Unexpectedly high Shannon diversity values in QIIME 2

Sheylle_Green · October 6, 2025, 2:20pm

Hi all,

I’m running QIIME 2 v2024.10 installed via Conda and am seeing unexpectedly high Shannon diversity values in my human 16S data. I would like guidance on whether this is a technical issue in QIIME 2.

Steps I took:

Ran qiime diversity alpha-rarefaction to choose an appropriate sequencing depth.
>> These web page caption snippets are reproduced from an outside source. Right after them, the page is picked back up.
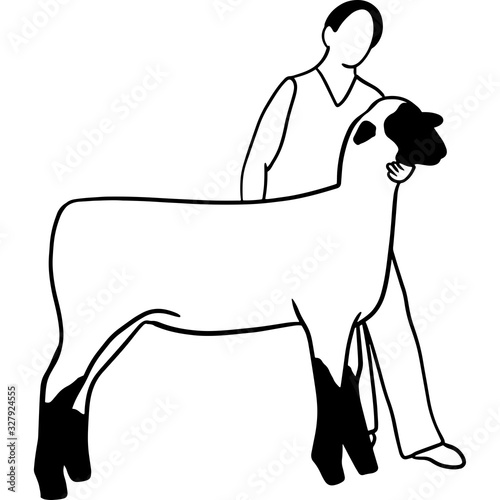 Hand drawn Lamb Show  Vector Sketch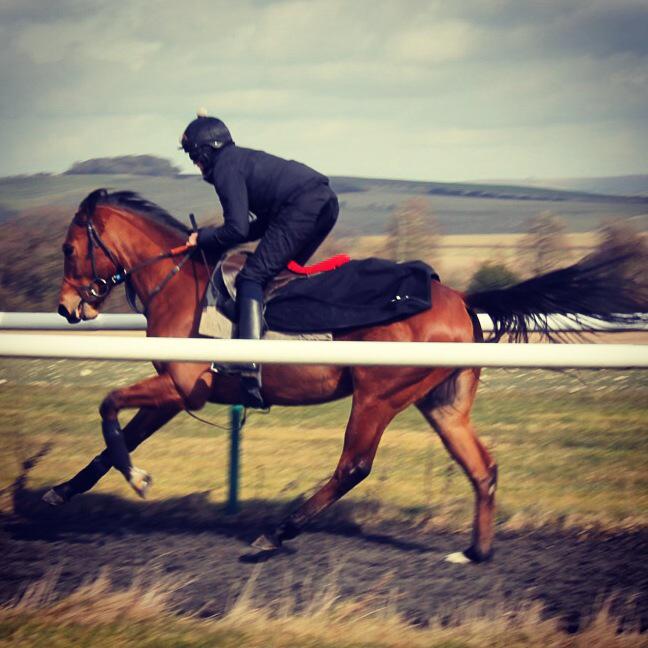mantonracing's tweet photo. This classy colt by Danehill Dancer was out through his paces this morning. Getting to know his job rather well!!! http://t.co/uBjjCFYIXK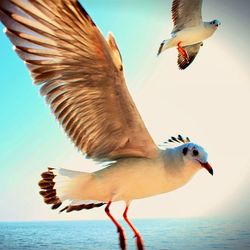 Low angle view of seagulls flying against sky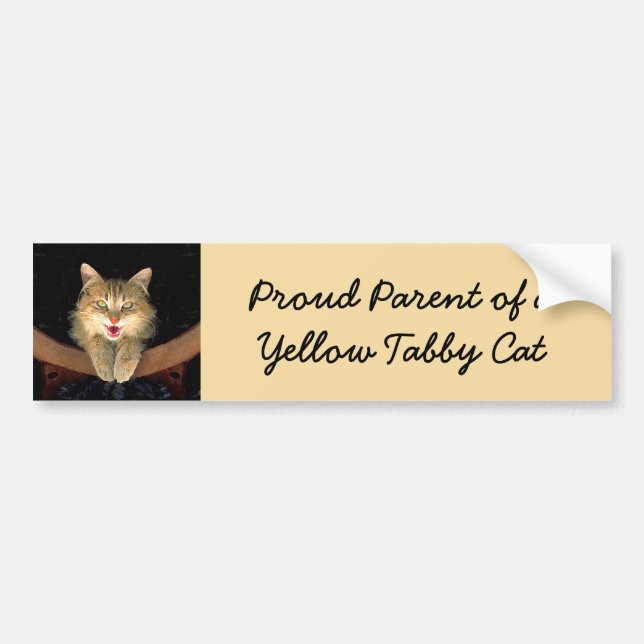 Mad Cat Painting - Cute Original Cat Art Bumper Sticker (Front)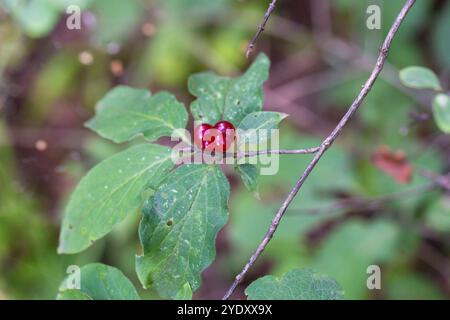 Succhietto di miele per le festività natalizie con primo piano Lonicera xylosteum di frutti rossi Foto Stock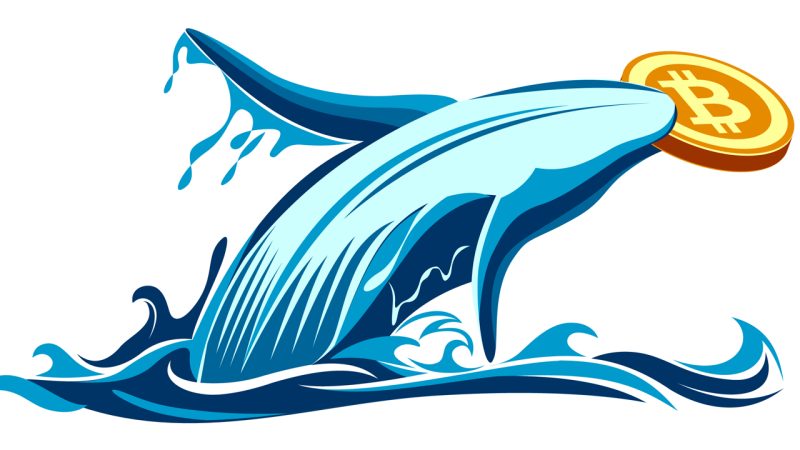 bitcoin-whale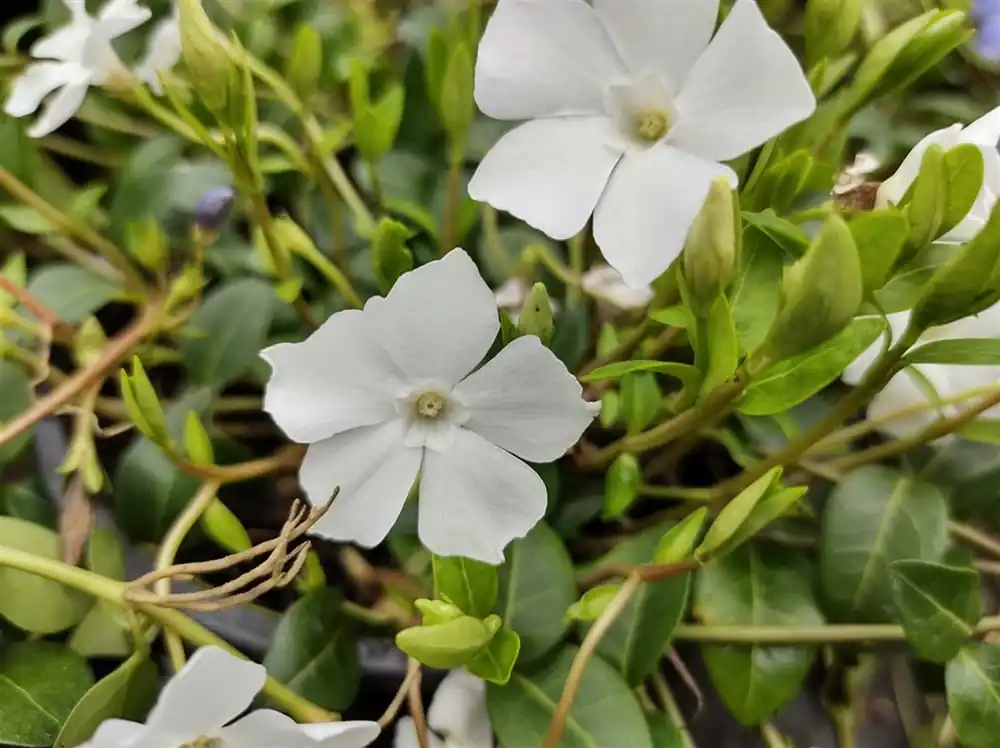 Veilige betaling - Vinca minor ‘Alba‘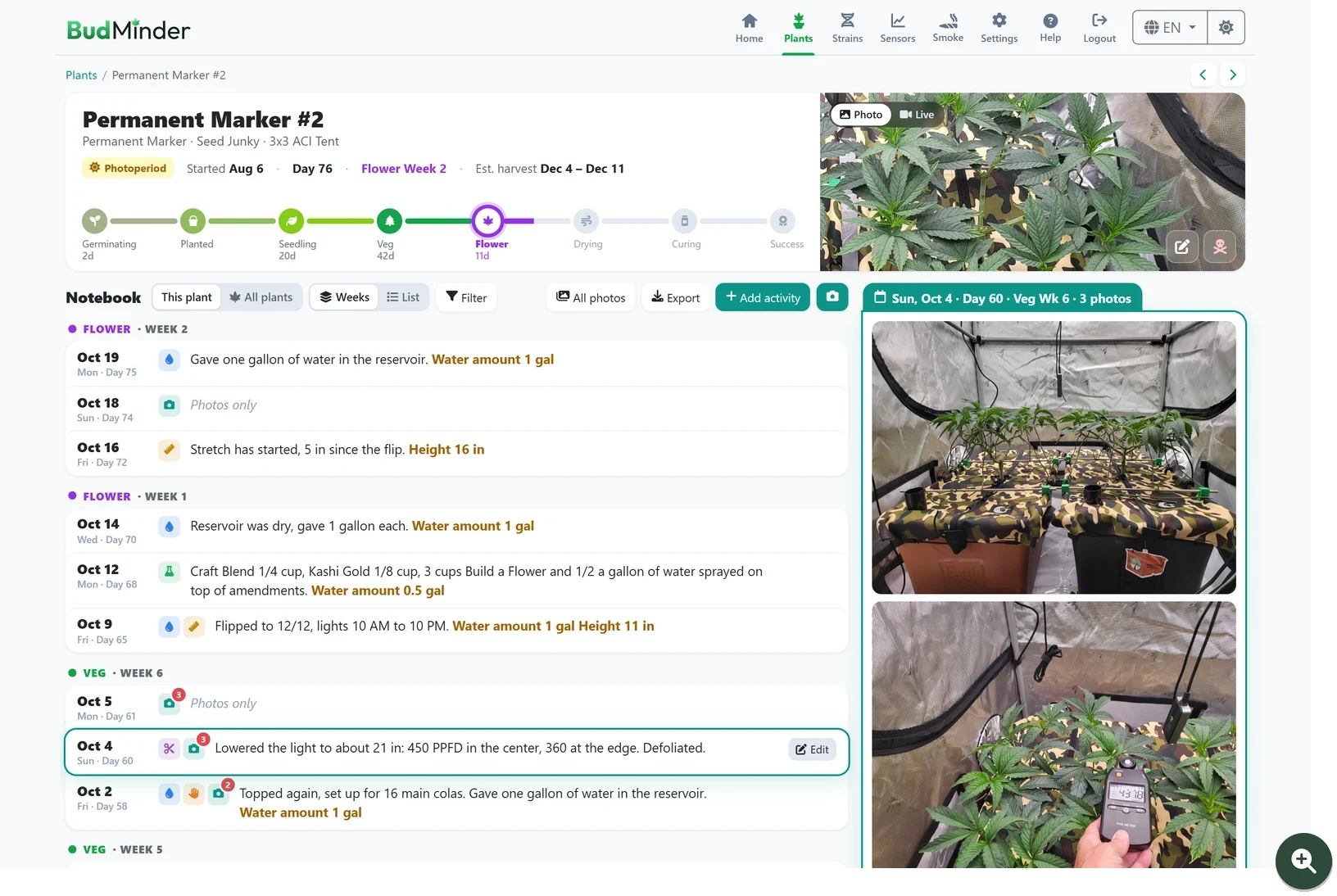 A plant's page in BudMinder: the stage track from germination to harvest, a notebook with one entry per day, and the three photos taken on the selected day
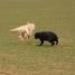 IMG 3870.thumbnail.JPG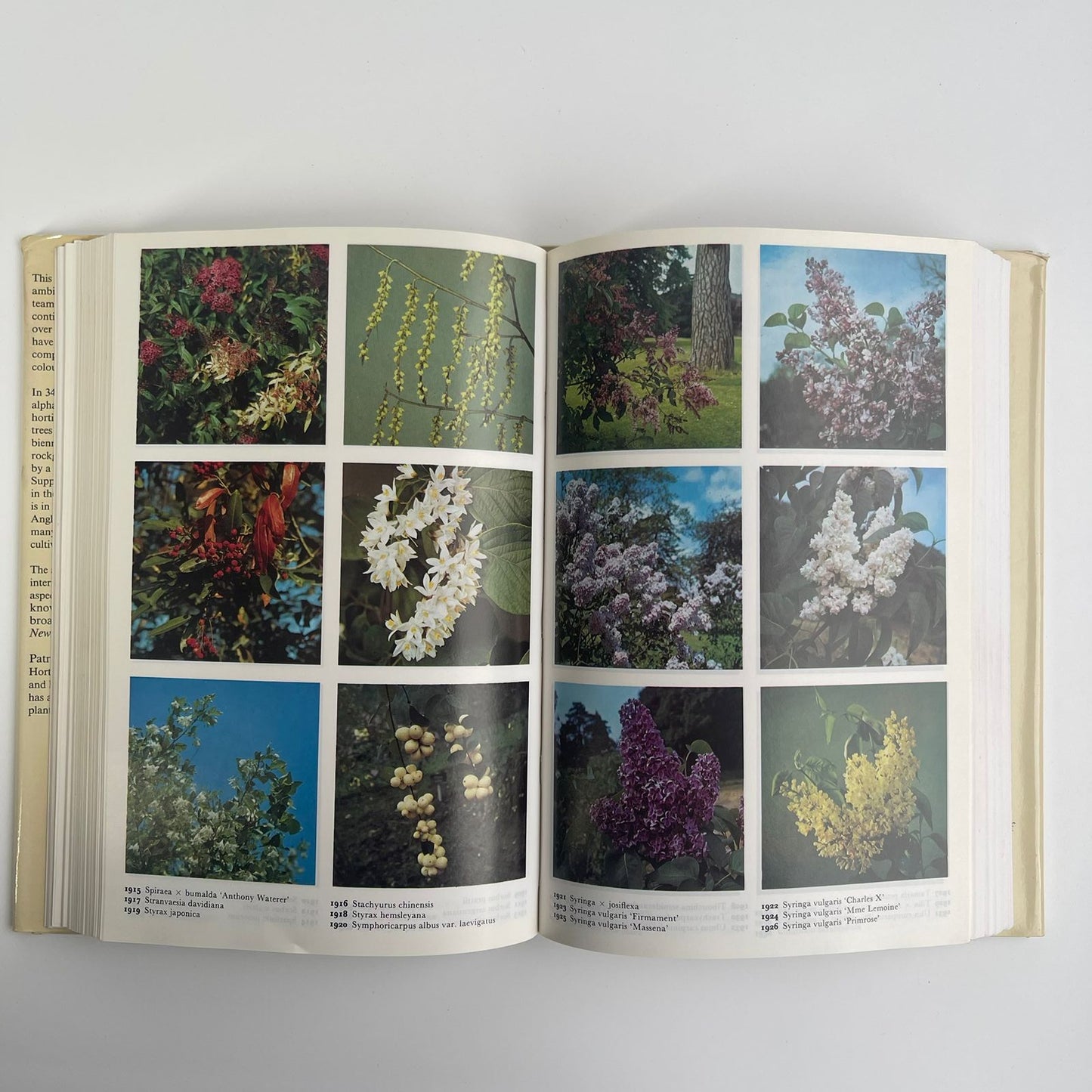 The Colour Dictionary of Garden Plants: With House and Greenhouse Plants - Roy Hay & Patrick Millington Synge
qiime diversity alpha-rarefaction \
  --i-table table.qza \
  --i-phylogeny rooted-tree.qza \
  --p-max-depth 20000 \
  --m-metadata-file metadata.tsv \
  --o-visualization alpha-rarefaction.qzv

Used the selected depth to run core-metrics-phylogenetic:

qiime diversity core-metrics-phylogenetic \
  --i-phylogeny rooted-tree.qza \
  --i-table table.qza \
  --p-sampling-depth 10000 \
  --m-metadata-file metadata.tsv \
  --output-dir core-metrics-results

Observation / Problem:

The Shannon index from QIIME 2 is higher than expected (range 6–9).
When I export the feature table and calculate Shannon diversity in R, values are as expected (below 6).
I tried relative abundance normalization in QIIME 2, but Shannon values remain high.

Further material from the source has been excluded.